The writing is on the wall.
Should John Deere choose to defend itself in court rather than attempt to reach a settlement, it very much may be handed a massive spanking by the Justice Department, which alleges the company’s repair restrictions violate federal and state antitrust laws. See here, here and here.
In a nutshell, the Justice Department claims Deere is scamming farmers by forcing them to exclusively use Deere dealers to repair their combines and tractors when they stop running. The feds have a case.
As it turns out, it takes proprietary diagnostic software to fix broken Deere tractors. Software that Deere refuses to sell to DIY farmers or independent repair shops. Deere likes it that way because it provides the company a significant after-market revenue stream.
The four-count Federal Trade Commission lawsuit isn’t playing around, alleging Deere monopolized the restricted repair services market, violated the FTC Act by using an unfair method of competition, and violated both Minnesota and Illinois antitrust laws.
John Deere lawyers threw spaghetti at the court walls, hoping something would stick and keep it from having to defend its software at trial.
Among the arguments Deere makes are that the feds’ claims of unfair competition and monopolization are factually and legally insufficient. And for good measure — just in case the unfair competition argument went south — Deere challenged the FTC’s constitutional structure, whether states that joined in the Justice Department’s case have standing, as well as the timeliness of the states’ claims.

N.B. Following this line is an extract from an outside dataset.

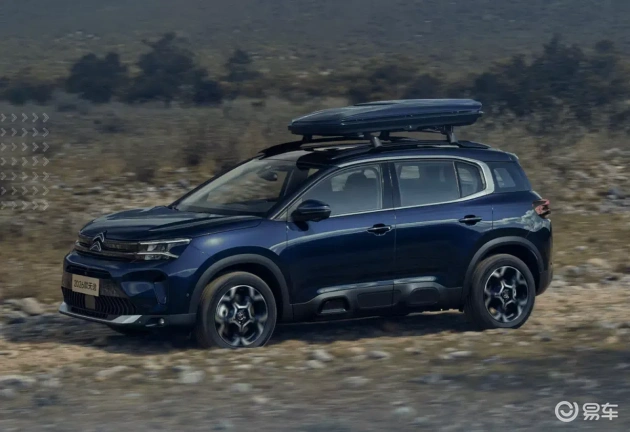法式新宠雪铁龙天逸C5 AIRCROSS上市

The ruling by Judge Iain D. Johnson, of the District Court for the Northern District of Illinois-Western Division, rejected all of Deere’s legal posturing.
Johnson writes that at this stage of the case — a motion for judgment on the pleadings — he has to accept the Justice Department allegations as factual:
“The Governments say there’s a throughline between Deere’s practices: farmers have no alternatives because of the system created by Deere, which charges supracompetitive prices because of the lack of any alternatives. In technologizing its equipment, Deere makes farmers reliant on Deere’s own ADVISOR software. And, in only licensing that software to its authorized Dealers, Deere forces farmers to visit those shops instead of using closer, cheaper options.”

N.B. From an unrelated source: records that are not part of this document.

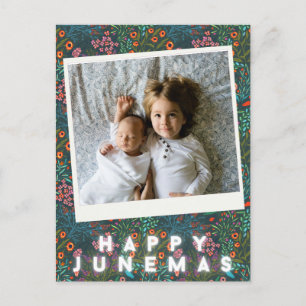 Persoonlijk Happy Junemas-fotoBriefkaart Briefkaart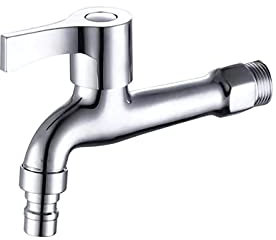 Rubinetto a parete monocomando attacco 1/2 bagno cucina esterni DGO-147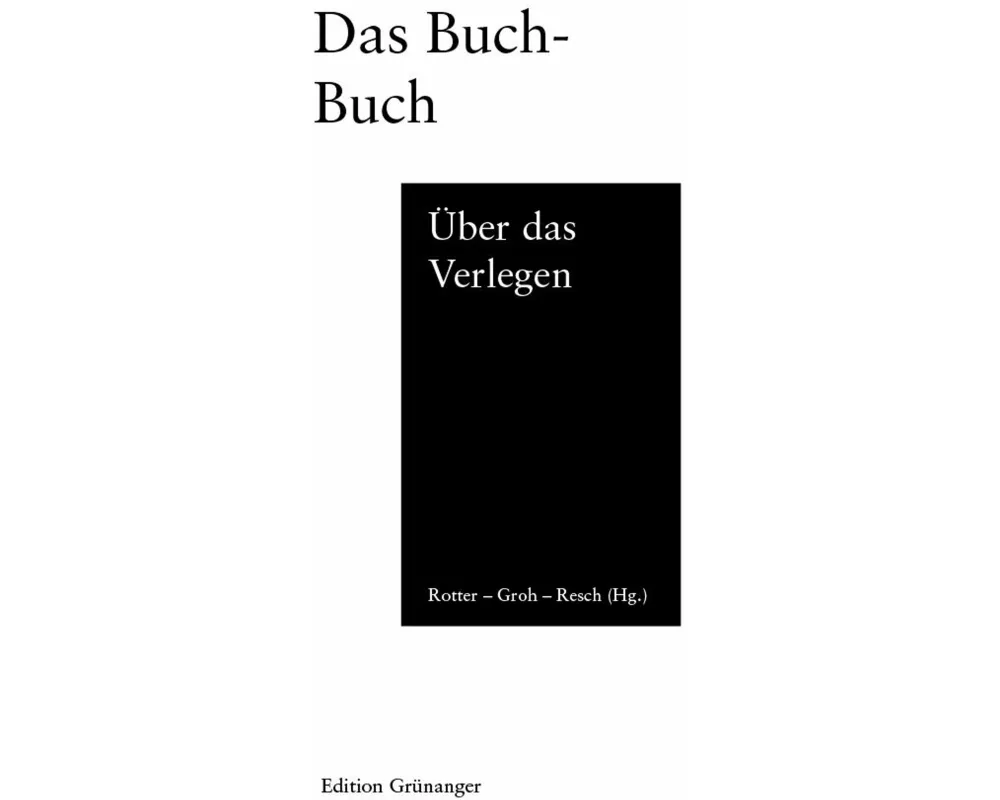 Das Buch-Buch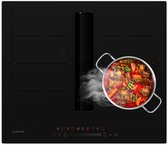 Klarstein Chef-Fusion Down Air System Inductiekookplaat + Downair Afzuigkap - Zwart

Johnson also noted Deere reaps massive profits from its parts business, which relies on those authorized dealers’ repairs. And Johnson says “because only Deere can create and license the ADVISOR [repair] tool, it entirely controls who (and how many) Dealers may perform restricted repairs and, by extension, how much the Dealers can charge.”

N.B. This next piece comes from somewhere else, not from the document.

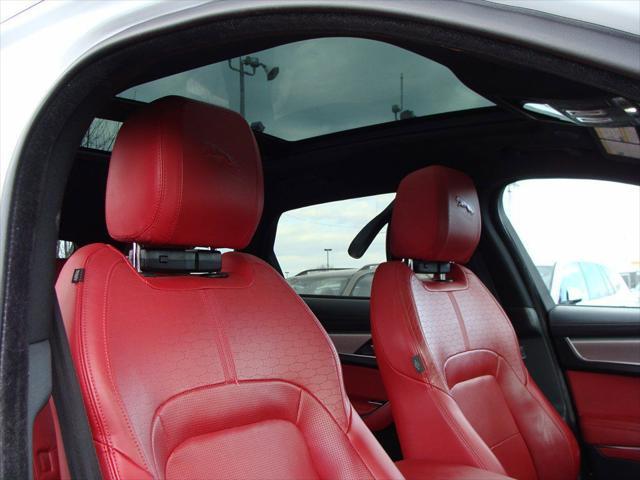 used 2021 Jaguar F-PACE car, priced at $30,239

Which suggests Deere might have a significant uphill climb to refute the Justice Department.
This isn’t Johnson’s first rodeo in handling Deere’s software litigation. In late 2023, he rejected Deere’s attempt to dismiss consolidated lawsuits filed by farmers alleging that Deere conspired to restrict services for repair.
In its most recent failed motion for judgment on the pleadings, Deere recycled some of the same arguments it made in 2023, to which Johnson responded:
“Sequels so rarely beat their originals that even the acclaimed Steve Martin couldn’t do it on three tries. See Cheaper by the Dozen II, Pink Panther II, Father of the Bride II. Rebooting its earlier production, Deere sought to defy the odds. To be sure, like nearly all sequels, Deere edited the dialogue and cast some new characters, giving cameos to veteran stars like Humphrey’s Executor. But ultimately the plot felt predictable, the script derivative. Deere I received a thumbs-down, and Deere II fares no better.”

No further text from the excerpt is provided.